━━━━━ Records for processing
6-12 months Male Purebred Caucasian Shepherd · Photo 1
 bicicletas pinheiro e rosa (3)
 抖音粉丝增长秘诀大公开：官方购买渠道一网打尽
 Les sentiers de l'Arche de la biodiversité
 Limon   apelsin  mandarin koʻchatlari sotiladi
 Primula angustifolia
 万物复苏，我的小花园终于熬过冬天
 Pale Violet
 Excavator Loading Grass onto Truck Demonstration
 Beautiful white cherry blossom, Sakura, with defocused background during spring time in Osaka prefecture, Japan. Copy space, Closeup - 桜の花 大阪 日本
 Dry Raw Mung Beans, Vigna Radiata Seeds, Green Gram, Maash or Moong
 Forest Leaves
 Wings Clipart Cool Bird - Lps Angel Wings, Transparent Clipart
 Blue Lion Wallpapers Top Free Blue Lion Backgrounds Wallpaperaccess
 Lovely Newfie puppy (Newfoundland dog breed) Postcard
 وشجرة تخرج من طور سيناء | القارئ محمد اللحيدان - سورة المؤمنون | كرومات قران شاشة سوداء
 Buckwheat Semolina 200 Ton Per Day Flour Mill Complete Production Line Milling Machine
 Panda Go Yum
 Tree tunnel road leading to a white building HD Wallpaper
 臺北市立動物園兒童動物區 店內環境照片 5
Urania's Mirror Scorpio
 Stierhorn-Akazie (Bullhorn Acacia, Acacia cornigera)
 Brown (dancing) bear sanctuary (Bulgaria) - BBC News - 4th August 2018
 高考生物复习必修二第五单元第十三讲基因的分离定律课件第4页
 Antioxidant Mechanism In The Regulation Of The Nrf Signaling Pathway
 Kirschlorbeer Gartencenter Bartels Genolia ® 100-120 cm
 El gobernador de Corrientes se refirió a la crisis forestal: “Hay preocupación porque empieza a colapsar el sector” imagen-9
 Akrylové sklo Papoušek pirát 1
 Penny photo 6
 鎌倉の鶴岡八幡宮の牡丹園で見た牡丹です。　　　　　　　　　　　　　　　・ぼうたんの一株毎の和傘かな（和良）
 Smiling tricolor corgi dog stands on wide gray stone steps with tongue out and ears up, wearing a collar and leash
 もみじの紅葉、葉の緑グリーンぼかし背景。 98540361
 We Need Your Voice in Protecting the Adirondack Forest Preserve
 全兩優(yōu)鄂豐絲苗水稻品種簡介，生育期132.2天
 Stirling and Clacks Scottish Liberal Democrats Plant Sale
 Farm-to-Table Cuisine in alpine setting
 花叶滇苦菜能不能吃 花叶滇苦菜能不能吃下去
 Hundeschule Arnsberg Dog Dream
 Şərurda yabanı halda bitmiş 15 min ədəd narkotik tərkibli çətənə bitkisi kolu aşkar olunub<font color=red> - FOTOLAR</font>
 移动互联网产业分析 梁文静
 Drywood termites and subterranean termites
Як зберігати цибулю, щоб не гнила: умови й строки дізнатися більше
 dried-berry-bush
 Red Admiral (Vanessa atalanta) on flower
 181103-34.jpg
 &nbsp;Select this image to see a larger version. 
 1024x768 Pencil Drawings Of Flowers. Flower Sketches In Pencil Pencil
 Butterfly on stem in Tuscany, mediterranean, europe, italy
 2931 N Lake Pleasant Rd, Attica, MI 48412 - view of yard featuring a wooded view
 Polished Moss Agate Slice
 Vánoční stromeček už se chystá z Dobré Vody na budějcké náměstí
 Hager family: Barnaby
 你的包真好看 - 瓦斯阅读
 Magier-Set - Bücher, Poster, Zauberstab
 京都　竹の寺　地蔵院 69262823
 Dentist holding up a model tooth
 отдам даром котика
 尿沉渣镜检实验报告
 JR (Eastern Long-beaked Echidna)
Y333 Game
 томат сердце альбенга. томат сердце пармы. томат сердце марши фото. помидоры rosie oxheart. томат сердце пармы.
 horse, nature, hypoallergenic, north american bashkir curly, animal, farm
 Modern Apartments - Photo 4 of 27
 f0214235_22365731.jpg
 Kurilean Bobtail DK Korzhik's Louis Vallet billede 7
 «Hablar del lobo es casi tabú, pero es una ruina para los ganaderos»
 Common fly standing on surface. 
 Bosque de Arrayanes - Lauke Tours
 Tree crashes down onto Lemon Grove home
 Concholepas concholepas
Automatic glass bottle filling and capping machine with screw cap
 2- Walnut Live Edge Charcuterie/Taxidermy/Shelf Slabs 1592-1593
━━━━━━━━━━
**Task to complete:**
Only those lines of the entries above that run from the line containing "Akrylové sklo Papoušek pirát 1" to the line containing "Common fly standing on surface.", both included, should be transcribed exactly.

**Exercise answer:**
 Akrylové sklo Papoušek pirát 1
 Penny photo 6
 鎌倉の鶴岡八幡宮の牡丹園で見た牡丹です。　　　　　　　　　　　　　　　・ぼうたんの一株毎の和傘かな（和良）
 Smiling tricolor corgi dog stands on wide gray stone steps with tongue out and ears up, wearing a collar and leash
 もみじの紅葉、葉の緑グリーンぼかし背景。 98540361
 We Need Your Voice in Protecting the Adirondack Forest Preserve
 全兩優(yōu)鄂豐絲苗水稻品種簡介，生育期132.2天
 Stirling and Clacks Scottish Liberal Democrats Plant Sale
 Farm-to-Table Cuisine in alpine setting
 花叶滇苦菜能不能吃 花叶滇苦菜能不能吃下去
 Hundeschule Arnsberg Dog Dream
 Şərurda yabanı halda bitmiş 15 min ədəd narkotik tərkibli çətənə bitkisi kolu aşkar olunub<font color=red> - FOTOLAR</font>
 移动互联网产业分析 梁文静
 Drywood termites and subterranean termites
Як зберігати цибулю, щоб не гнила: умови й строки дізнатися більше
 dried-berry-bush
 Red Admiral (Vanessa atalanta) on flower
 181103-34.jpg
 &nbsp;Select this image to see a larger version. 
 1024x768 Pencil Drawings Of Flowers. Flower Sketches In Pencil Pencil
 Butterfly on stem in Tuscany, mediterranean, europe, italy
 2931 N Lake Pleasant Rd, Attica, MI 48412 - view of yard featuring a wooded view
 Polished Moss Agate Slice
 Vánoční stromeček už se chystá z Dobré Vody na budějcké náměstí
 Hager family: Barnaby
 你的包真好看 - 瓦斯阅读
 Magier-Set - Bücher, Poster, Zauberstab
 京都　竹の寺　地蔵院 69262823
 Dentist holding up a model tooth
 отдам даром котика
 尿沉渣镜检实验报告
 JR (Eastern Long-beaked Echidna)
Y333 Game
 томат сердце альбенга. томат сердце пармы. томат сердце марши фото. помидоры rosie oxheart. томат сердце пармы.
 horse, nature, hypoallergenic, north american bashkir curly, animal, farm
 Modern Apartments - Photo 4 of 27
 f0214235_22365731.jpg
 Kurilean Bobtail DK Korzhik's Louis Vallet billede 7
 «Hablar del lobo es casi tabú, pero es una ruina para los ganaderos»
 Common fly standing on surface. 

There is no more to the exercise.